Routers RT1, RT2, etc.
Each router in the path, except for the last, goes through the following process to forward the packet to its final destination:
It removes the link layer header.
It can see that the L3 protocol is IP thanks to a specific field in the link layer header, discussed later in this chapter.
It determines that the local system is not the destination of the packet because the destination IP address included in the IP header is not one of its own IP addresses.
It forwards the IP packet to the next router on the path toward Server Y. To do this, it consults its routing tables to select the next hop router and creates a new link layer header (i.e., Figure 13-4(E)). The last step is described in detail in Chapter 35.
Normally, the information on L3 (the IP header) does not change as the packet goes from system to system. Different L2 headers are used on each link.
When the packet finally arrives at Router RT3, the latter realizes that Server Y is directly connected and that there is no need to route the packet another hop.

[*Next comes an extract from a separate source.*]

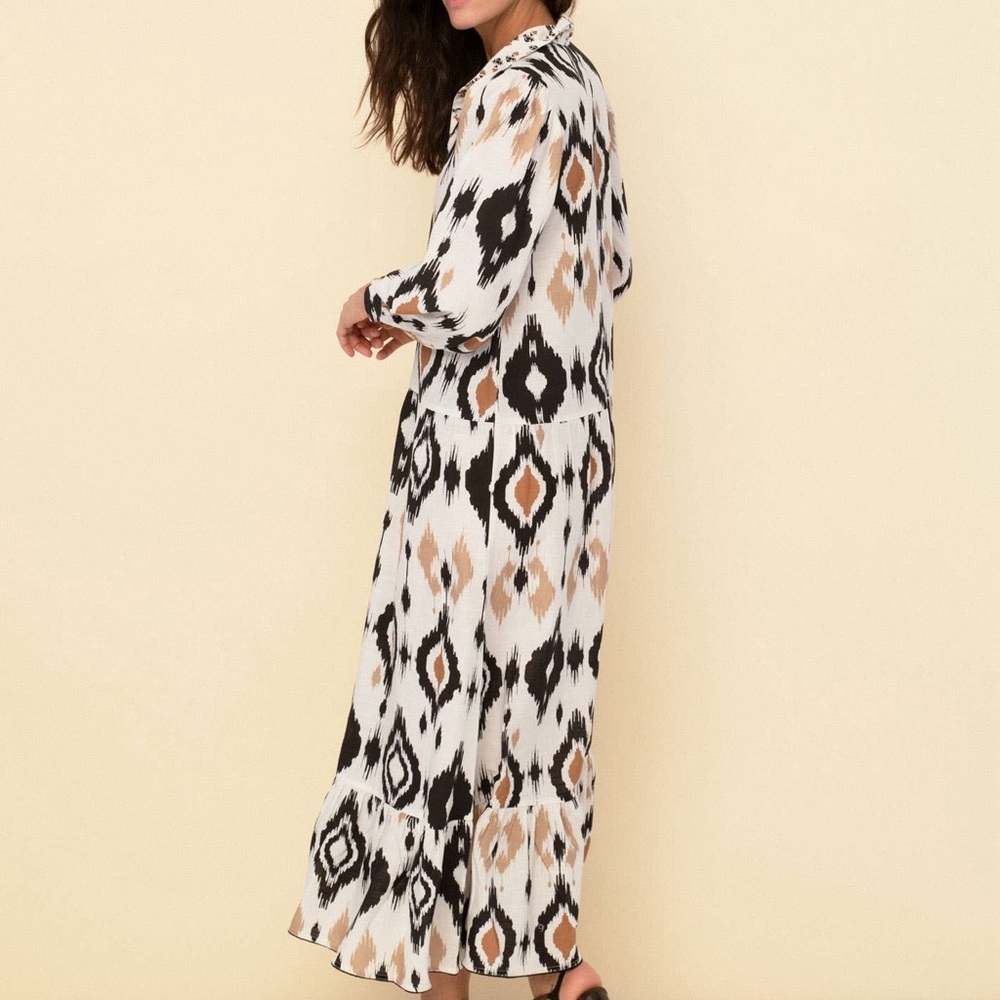 Elegant Geometric Long Sleeve Dress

Once the message reaches the destination server, it traverses the network stack again from the bottom upward:
Link layer, Server Y
Stripping off the L2 header, this layer checks a field to see which protocol handles the L3 layer. Finding that L3 is handled by IP, the link layer invokes the appropriate function to continue handling the L3 packet (i.e., L2 payload). Most of this chapter discusses the manner in which protocols register themselves and handle the key field indicating which protocol to use.
Network layer, Server Y
This layer recognizes that its own system's IP address, 188.8.131.52, is the destination address in the packet and therefore that the packet should be handled locally. The network layer strips off the L3 header and once again checks a field to see what protocol handles L4. Chapter 24 offers an in-depth description of the interface between L3 and L4 for ingress traffic.
Figure 13-4 shows how a header is added by each network layer as each one takes the data from a higher layer. The last step, from Figure 13-4(d) to Figure 13-4(e), shows the difference between the original frame transmitted to Router RT1 by Host X and the one between Router RT1 and Router RT2.

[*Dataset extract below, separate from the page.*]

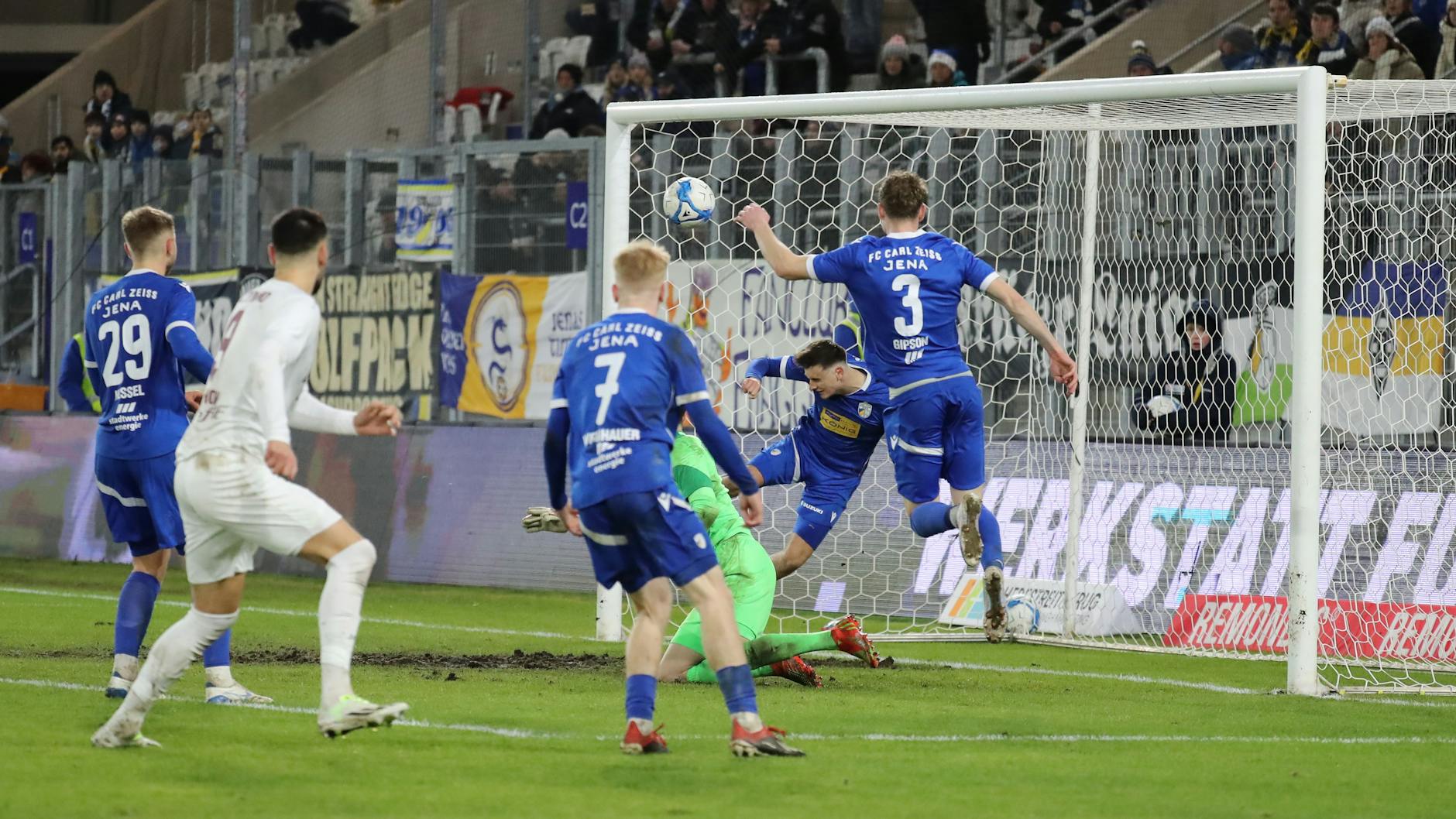 Gespannt, aber machtlos kann Rufat Dadashov (2.v.l.) nur zusehen, wie Jenas Jannes Werner (2.v.r.) seinen Schuss noch von der Torlinie köpft.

Figure 13-4. Headers compiled by layers: (a...d) on Host X as we travel down the stack; (e) on Router RT1
As we have seen, each layer provides a variety of protocols. Each protocol is handled by a different set of kernel functions. Thus, as the packet travels back up the stack, each protocol must figure out which protocol is being used by the next-higher layer, and invoke the proper kernel function to handle the packet.
On the lowest software layer, L2, the hardware in use defines the protocol. If the frame is received on an Ethernet interface, the receiver knows it contains an Ethernet header, and a Token Ring interface knows it contains a Token Ring header, and so on. There is no ambiguity unless LCC or SNAP is specified. LLC and SNAP are discussed later in this chapter.
But as the packet travels up the network stack, each protocol needs a field in its header to tell it which protocol should handle the next stage of processing. The progress is shown in Figure 13-5. Thus, the transition from L2 in Figure 13-5(a) to L3 in Figure 13-5(b) depends on L2 checking an "Above protocol" field in the L2 header. Similarly, the L3 layer checks a field in its header to facilitate the transition to L4, shown in Figure 13-5(b) and Figure 13-5(c). Finally, L4 uses the Destination Port field of the packet to take the packet out of the kernel and find the process, such as a web server, that handles the packet on the local host.